To solve the given equation, we can simplify it step by step.
33^(2x) - 712^x + 4*4^(2x) = 0
Rewrite the terms using exponents:
3(3^x)^2 - 7(2^2 3^x) + 4(2^2)^x = 0
Now, let's simplify the terms further:
3(3^x)^2 = 3 9^x = 27^x7(2^2 3^x) = 283^x4(2^2)^x = 44^(2x) = 4 16^x
Substitute these values back into the original equation:
27^x - 283^x + 416^x = 0
Now, we have an equation with terms in a similar form. Let's rewrite it with a single base:
3^x = y
27^x = (3^3)^x = 3^(3x) = y^316^x = (4^2)^x = 4^(2x) = (2^2)^2x = 2^4x = (2^x)^4 = y^4
With these replacements, our equation becomes:
y^3 - 28y + 4y^4 = 0
Now, this equation is a quadratic equation in terms of y. Let's solve it to find the possible values of y, and then we can go back to find x.
0 = 4y^4 + y^3 - 28y
Let's factor this equation by factoring out y:
0 = y(4y^3 + y^2 - 28)
Now, let's factor the quadratic expression inside the parentheses:
0 = y(4y^2 - 7y + 4)
Factor the quadratic equation:
0 = y(4y^2 - 7y + 4)0 = y(4y^2 - 2y - 5y + 4)0 = y(2y(2y - 1) - 1(2y - 1))0 = y(2y - 1)(2y - 1)

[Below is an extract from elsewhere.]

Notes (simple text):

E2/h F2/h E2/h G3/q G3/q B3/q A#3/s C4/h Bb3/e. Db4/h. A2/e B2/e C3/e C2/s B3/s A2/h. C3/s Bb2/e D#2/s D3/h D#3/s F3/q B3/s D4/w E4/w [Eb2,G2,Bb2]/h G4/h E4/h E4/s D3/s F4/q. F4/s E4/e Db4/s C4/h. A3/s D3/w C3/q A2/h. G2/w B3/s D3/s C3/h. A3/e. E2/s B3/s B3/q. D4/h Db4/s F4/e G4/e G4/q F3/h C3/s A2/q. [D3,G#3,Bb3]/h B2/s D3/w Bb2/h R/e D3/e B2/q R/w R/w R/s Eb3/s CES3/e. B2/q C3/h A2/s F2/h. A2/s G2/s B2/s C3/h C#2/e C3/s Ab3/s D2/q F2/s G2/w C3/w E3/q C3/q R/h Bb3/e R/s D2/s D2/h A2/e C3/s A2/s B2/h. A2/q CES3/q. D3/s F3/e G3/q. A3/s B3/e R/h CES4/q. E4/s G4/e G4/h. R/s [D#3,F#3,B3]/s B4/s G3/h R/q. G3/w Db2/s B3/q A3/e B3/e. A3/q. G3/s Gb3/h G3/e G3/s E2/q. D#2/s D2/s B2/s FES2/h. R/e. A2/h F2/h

Now, we have three possible solutions for y:
y = 0, y = 1/2, y = 1/2
Now, substitute back the values of y into 3^x = y:
Case 1: y = 03^x = 0This is not possible because 3 raised to any power will never equal 0.
Case 2: y = 1/23^x = 1/2Take the logarithm of both sides:x*log(3) = log(1/2)x = log(1/2)/log(3)
Case 3: y = 13^x = 1x = 0
To summarize, the possible solutions to the original equation are x = log(1/2)/log(3) or x = 0.

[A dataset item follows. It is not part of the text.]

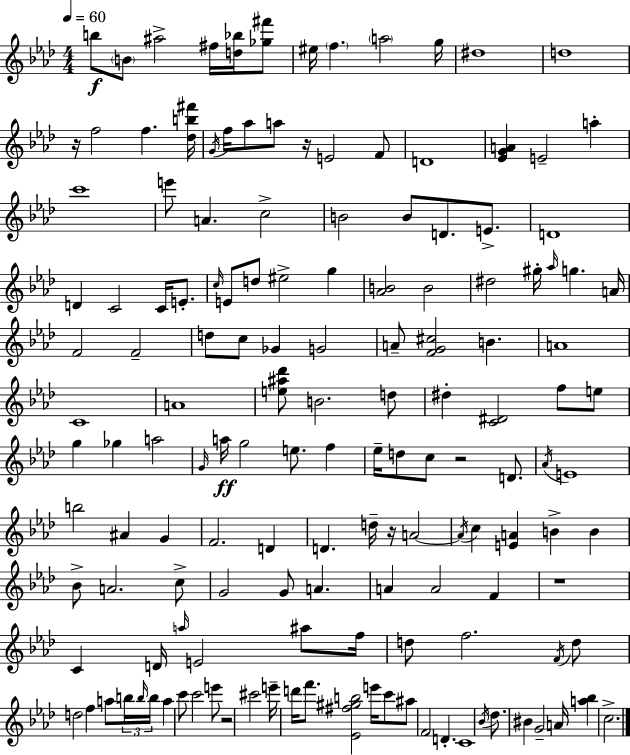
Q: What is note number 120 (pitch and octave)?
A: F6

To solve the given equation, we can simplify it step by step.
33^(2x) - 712^x + 4*4^(2x) = 0
Rewrite the terms using exponents:
3(3^x)^2 - 7(2^2 3^x) + 4(2^2)^x = 0
Now, let's simplify the terms further:
3(3^x)^2 = 3 9^x = 27^x
7(2^2 3^x) = 283^x
4(2^2)^x = 44^(2x) = 4 16^x
Substitute these values back into the original equation:
27^x - 283^x + 416^x = 0
Now, we have an equation with terms in a similar form. Let's rewrite it with a single base:
3^x = y
27^x = (3^3)^x = 3^(3x) = y^3
16^x = (4^2)^x = 4^(2x) = (2^2)^2x = 2^4x = (2^x)^4 = y^4
With these replacements, our equation becomes:
y^3 - 28y + 4y^4 = 0
Now, this equation is a quadratic equation in terms of y. Let's solve it to find the possible values of y, and then we can go back to find x.
0 = 4y^4 + y^3 - 28y
Let's factor this equation by factoring out y:
0 = y(4y^3 + y^2 - 28)
Now, let's factor the quadratic expression inside the parentheses:
0 = y(4y^2 - 7y + 4)
Factor the quadratic equation:
0 = y(4y^2 - 7y + 4)
0 = y(4y^2 - 2y - 5y + 4)
0 = y(2y(2y - 1) - 1(2y - 1))
0 = y(2y - 1)(2y - 1)
Now, we have three possible solutions for y:
y = 0, y = 1/2, y = 1/2
Now, substitute back the values of y into 3^x = y:
Case 1: y = 0
3^x = 0
This is not possible because 3 raised to any power will never equal 0.
Case 2: y = 1/2
3^x = 1/2
Take the logarithm of both sides:
x*log(3) = log(1/2)
x = log(1/2)/log(3)
Case 3: y = 1
3^x = 1
x = 0
To summarize, the possible solutions to the original equation are x = log(1/2)/log(3) or x = 0.